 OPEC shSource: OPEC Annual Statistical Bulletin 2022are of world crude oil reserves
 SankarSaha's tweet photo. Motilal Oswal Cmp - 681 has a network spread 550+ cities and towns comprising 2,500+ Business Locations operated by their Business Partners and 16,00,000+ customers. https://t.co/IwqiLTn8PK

##############################

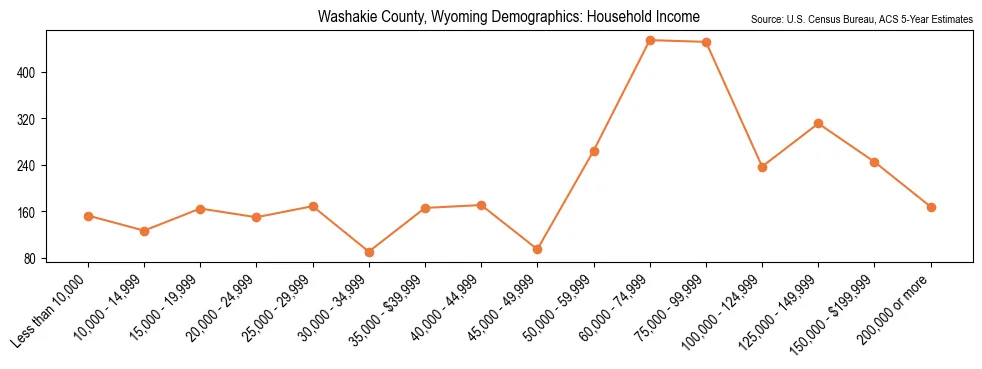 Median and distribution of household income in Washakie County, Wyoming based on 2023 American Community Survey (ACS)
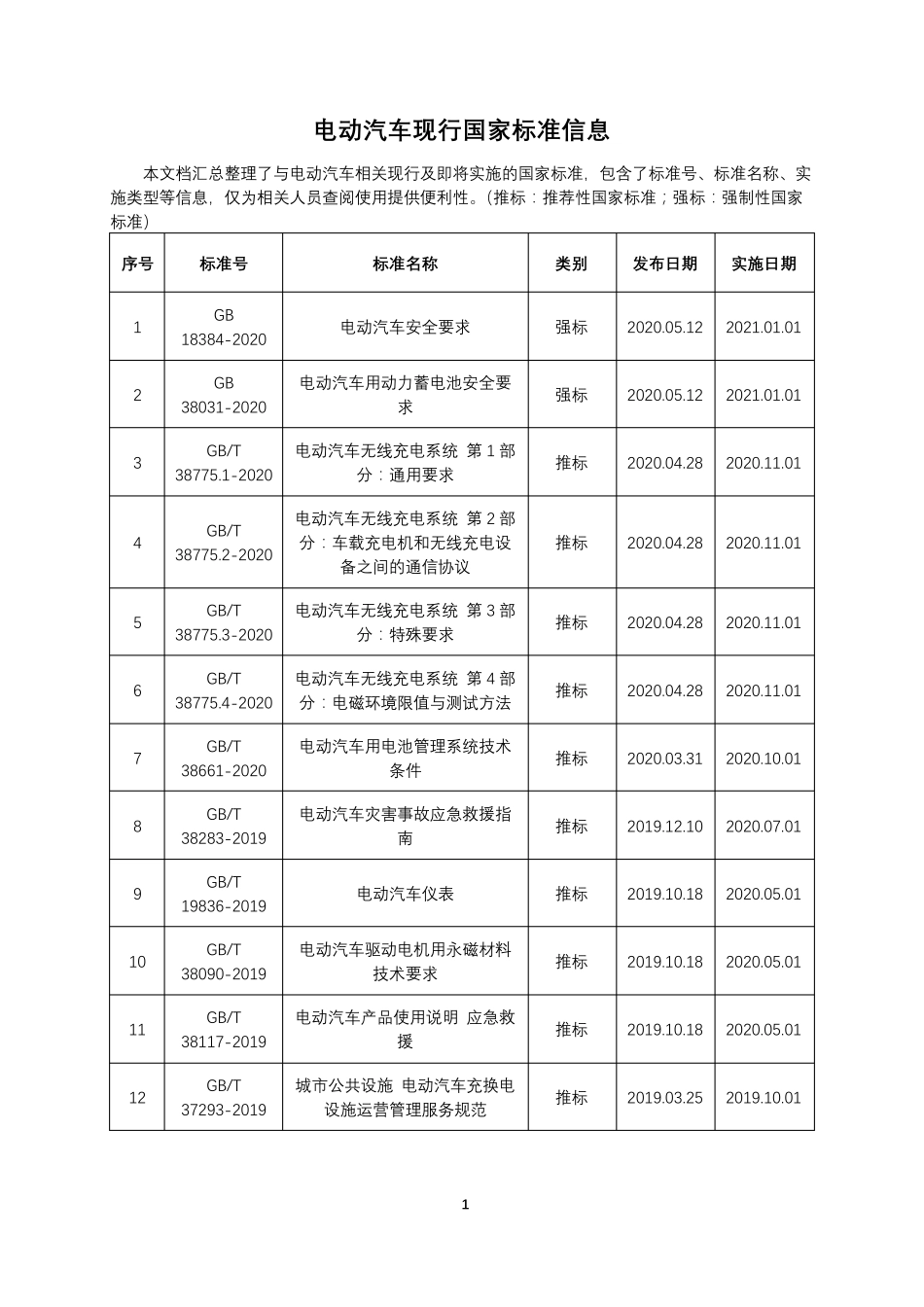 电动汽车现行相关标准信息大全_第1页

##############################

#### DIRECTIONS
Among the records above, only the lines between the line holding "OPEC shSource: OPEC" and the line holding "SankarSaha's tweet photo.", inclusive, are to be output, exactly as written.

#### WRITTEN SOLUTION
 OPEC shSource: OPEC Annual Statistical Bulletin 2022are of world crude oil reserves
 SankarSaha's tweet photo. Motilal Oswal Cmp - 681 has a network spread 550+ cities and towns comprising 2,500+ Business Locations operated by their Business Partners and 16,00,000+ customers. https://t.co/IwqiLTn8PK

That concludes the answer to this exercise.